For a true Cuban or Puerto Rican Pork Roast (a pernil de cerdo asado) a fresh shoulder picnic is used... no big deal, it's a very economical cut of pork usually running anywhere between .59 and $1.09 per pound. The better, meatier cut is the back leg, but the more readily available cut is the front leg.

This roast should be seasoned at least 2 days before you cook it.

Ingredients

Per pound of meat:

Plus:

Directions

Place all ingredients (except additional peppercorns) in a blender and whiz on high until smooth. In Puerto Rico and Cuba we use a "pilón" (morter and pestle) and start crushing the dry ingredients first (except the salt), set them aside in a small bowl and then crush the garlic with a bit of the salt added so it won't fly all over the place. After this is done, you put it in the bowl and add the rest of the ingredients (salt, oil, vinegar & additional peppercorns), mixing thoroughly. If you use garlic powder make sure it isn't garlic salt, and make sure you add just a bit more than called for. I usually make up a LOT of this seasoning mix and store it in the fridge for other cuts of meat because it's very versatile, especially with poultry.
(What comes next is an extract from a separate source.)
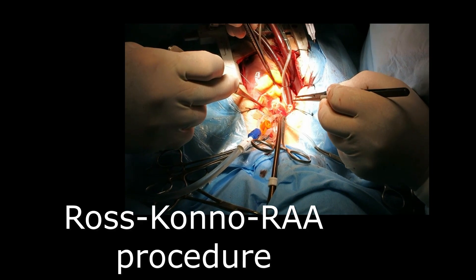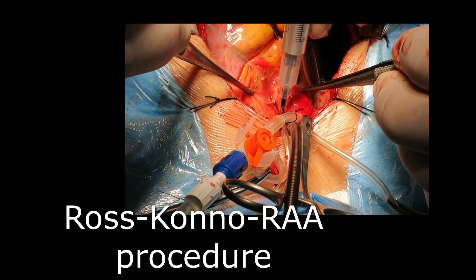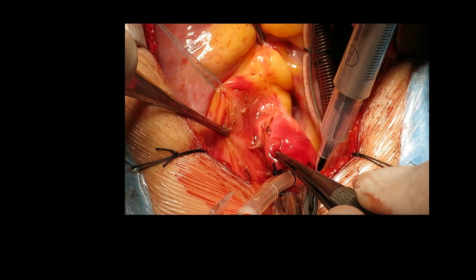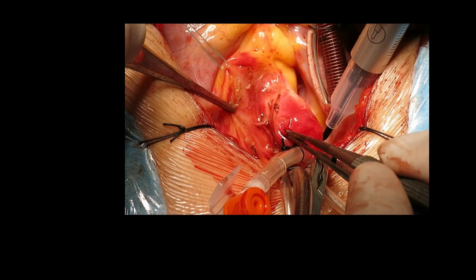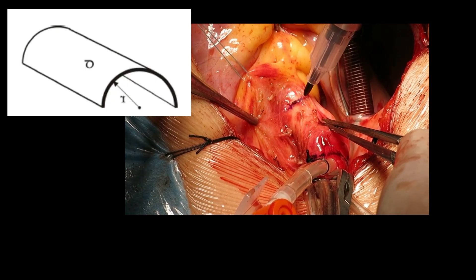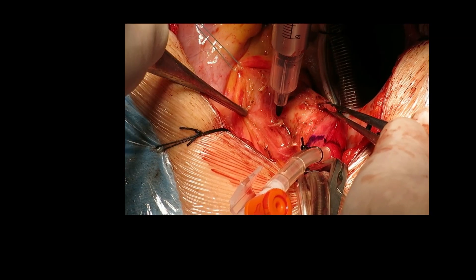We begin by cannulating the aorta as high as possible and initiating aortic bypass. Then we mark the anterior half-cylinder of the ascending aorta from just above the ST junction up to the high aorta near the cross clamp. This segment will later serve as the native posterior wall for our new RVPA connection, preserving growth potential.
Wash and pat the roast dry using the juice of a sour orange in about a quart of water if you want it Cuban style or just plain water for Puerto Rican style. This is the basic difference between a Cuban roast and a Puerto Rican one. In PR we use sour oranges for lots of things but rarely for a pernil asado.

Using a sharp knife, peel away the skin on the top of the roast until it reaches the smallest part and barely hangs from there. Score the underside of the skin in a crisscross type cut, deep enough to just touch the skin. This will allow the fat to moisten the roast as it cooks and will also create a crunchy treat for everyone. Score the meat also, but just under this flap of skin, not the sides or bottom. Place the roast in the pan you'll be cooking it in.

To season, use something like a steak knife to make deep slits in the meat from the top and sides. You need to make about a dozen or more slits in this meat, more on top than from the sides, and your finger should be able to get into it all the way. Do not cut until it reaches the other side!

Place some of the seasoning mix into each slit, pushing the whole peppercorns all the way in. Distribute it evenly over the meat, using about 3/4 of the mix and most of the whole peppercorns in the slits. The rest is for the sides, top, and bottom, making sure you season the fat under the skin and the outer part of the skin, too.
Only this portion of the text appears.